Krafft betont, dass sich aus den in seinem Werk geschilderten Befunden schließen lässt, "dass zumindest hinsichtlich der basalen syntaktischen Eigenschaften des Deutschen der frühe L2-Erwerb in seinen Grundzügen dem L1-Erwerb entspricht" (Krafft 2014, S. 15). Demzufolge können die Hypothesen des frühen Zweitspracherwerbs, die von ihm in seinem Werk angeführt werden, denen des doppelten Erstspracherwerbs gleichgesetzt werden (vgl. Krafft 2014, S. 15).
3.2.4 Formen des individuellen Bilingualismus:
Nachfolgend werden vier verschiedene Formen des individuellen Bilingualismus voneinander abgegrenzt, die sich hauptsächlich durch den Zeitpunkt des Erwerbs abgrenzen lassen.
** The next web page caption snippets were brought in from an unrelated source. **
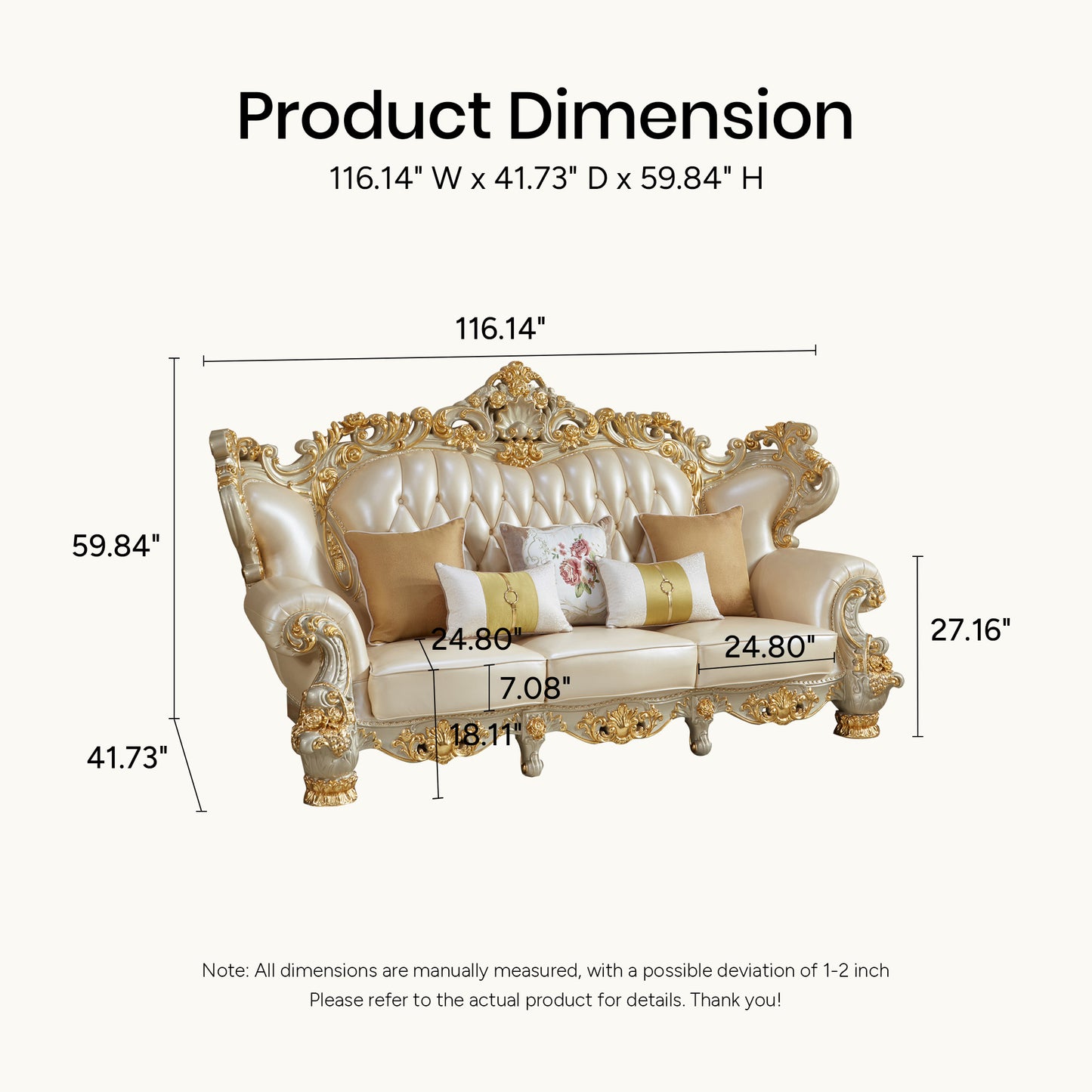 Versailles Royale Luxury Sofa Set – European Baroque Gold Carved Living Room Collection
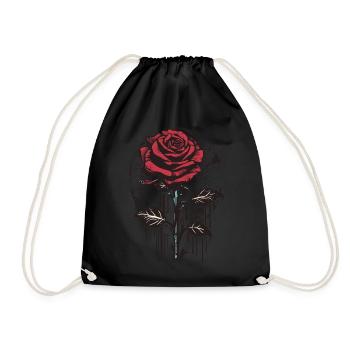 Rose Ästhetik Soft Grunge Vintage Goth Geschenk - Turnbeutel - Schwarz - Vorne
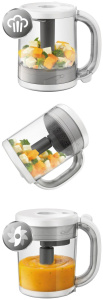 Блендер-пароварка 4-в-1 Philips AVENT SCF883/01, белый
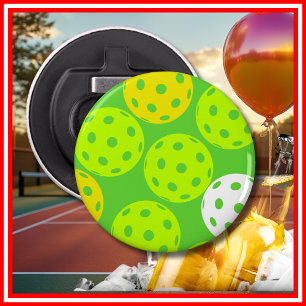 Décapsuleur Fête d'anniversaire Pickleball Vert Mignon Sports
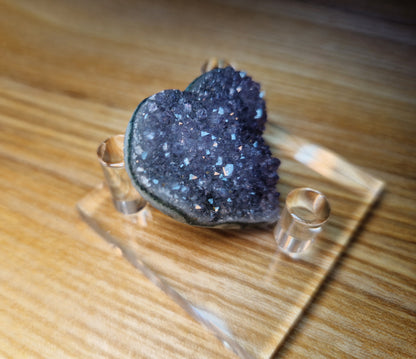Regenbogen Amethysten Herz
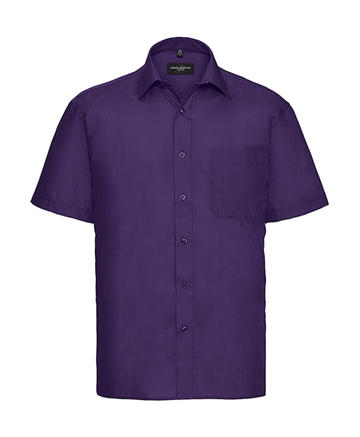 Camicia uomo popeline maniche corte - 81 - PURPLE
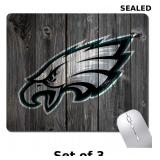 3x Wood Grain Design Sports Mouse Pad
3.2.4.1 Simultaner und sukzessiver Bilingualismus:
Bei der Unterscheidung zwischen simultanem und sukzessivem Bilingualismus steht das Lebensalter des Individuums im Mittelpunkt. Von simultanem Bilingualismus spricht man, wenn ein Kind von Geburt an mit zwei Sprachen aufwächst, also beide Sprachen zum gleichen Zeitpunkt parallel erworben werden (vgl. Müller et al. 2007, S.15) Folglich besitzt das Kind deswegen zwei Erstsprachen. Darum kann der simultane Bilingualismus auch als doppelter Erstspracherwerb beschrieben werden (vgl. De Houwer 1990, S. 3). Dieser Begriff wird in der Forschungsliteratur bevorzugt verwendet und ist weitaus häufiger vertreten als der Begriff des simultanen Erstspracherwerbs, da er laut De Houwer klarer ist und weniger Missverständnisse mit sich bringt.
"Vom simultanen Erwerb mehrerer Muttersprachen ist die sukzessive Form des Erwerbs mehrerer Sprachen abzugrenzen" (Müller et al. 2007, S. 15). Der sukzessive Spracherwerb findet zeitlich versetzt zum Erstspracherwerb statt. Die Frage des Alters ist wie bereits oben angedeutet ein wesentlicher Bestandteil bei der Abgrenzung des simultanen und sukzessiven Bilingualismus. An dieser Stelle soll
jedoch nur ein kurz gehaltener, allgemeiner Überblick über diesen Aspekt geschaffen werden. In Abschnitt 4.1 der vorliegenden Arbeit wird der Altersfaktor ausführlicher erläutert und diskutiert.Die große Mehrheit der führenden Forscher auf dem Gebiet der Mehrsprachigkeitsforschung geht davon aus, dass ein sukzessiver Spracherwerb nach einem Alter von drei Jahren stattfindet. In diesem Fall spricht man von kindlichem, sukzessivem Spracherwerb (vgl. Müller et al. 2007, S.15 ff.). Als Beispiel zur Verdeutlichung kann hier ein Kind genannt werden, das mit französisch als Muttersprache aufwächst. Im Alter von drei Jahren erwirbt es durch den Besuch einer deutschen Kindertagesstätte sukzessiv die deutsche Sprache und entwickelt sich dadurch im Laufe des Lebens zu einem bilingualen Sprecher der Sprachen französisch und deutsch.